Detection Method of Focal Plane Arrays with Noise Suppression For Optical Communications

In many optical communication systems, in order to make the optical networking convenient and meet the application requirements, the optical terminals need to work in the same band and at the extremely closely adjacent working wavelengths. In practice, because of the light reflection and scattering of the wireless channels with the suspended particles, parts of the emitted optical signals will be reflected to the focal plane array (FPA). On the other hand, because the bandwidth of practical optical filters cannot be made narrow enough, or the sensitivity of FPAs is usually very high, the isolation between the transmitting and receiving optical paths in the terminal cannot be made high enough even if the optical filtering is used. Both the received optical signal from the remote terminal and the transmitted optical signal reflected by the terminal or wireless channels will be detected by the FPA at the same time.

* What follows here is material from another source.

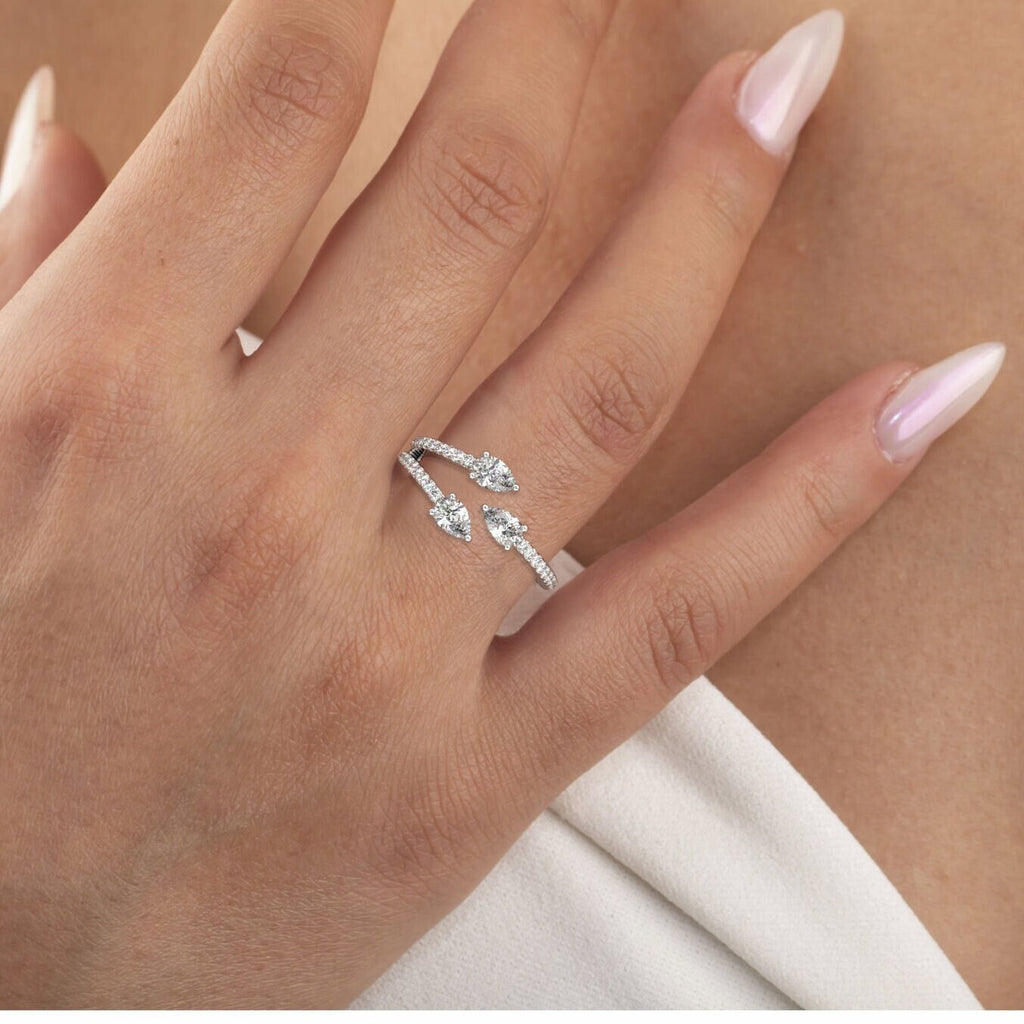 Triple Pear Diamond Cuff Ring / 14k Gold Diamond Statement Ring / Diamond Anniversary Ring / Birthday Wedding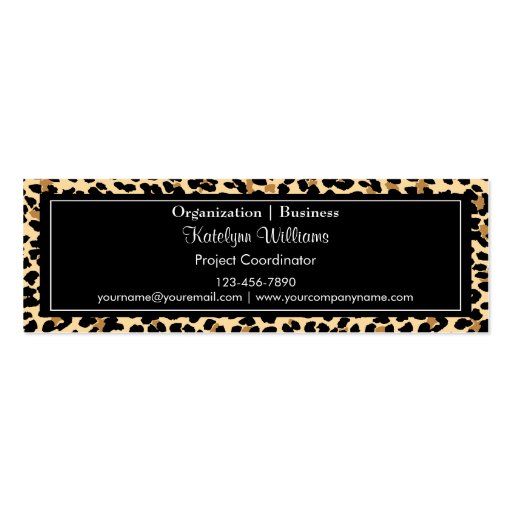 Stylish Leopard Print Skinny Business Card (front side)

The reflected optical signal will interfere with the detection of the received optical signals from the far end, which seriously reduces the detection performance and the accuracy of the light spot centroid calculation. This paper proposes an integral control and increase-decrease counting statistical method for FPAs to eliminate the influence of the reflected optical signal on the signal detection and the noise mean value in the mean value of the total detection signal. The detection sensitivity of the received signal from the remote terminal, the isolation of the transmitting and receiving paths and the accuracy of the light spot centroid calculation are improved by this method. The Cramer-Rao lower bound is calculated and analyzed. In addition, the integral control and increase-decrease counting statistical algorithm is verified by the two software co-simulation, and the simulation results are given to illustrate the feasibility and performance of this method.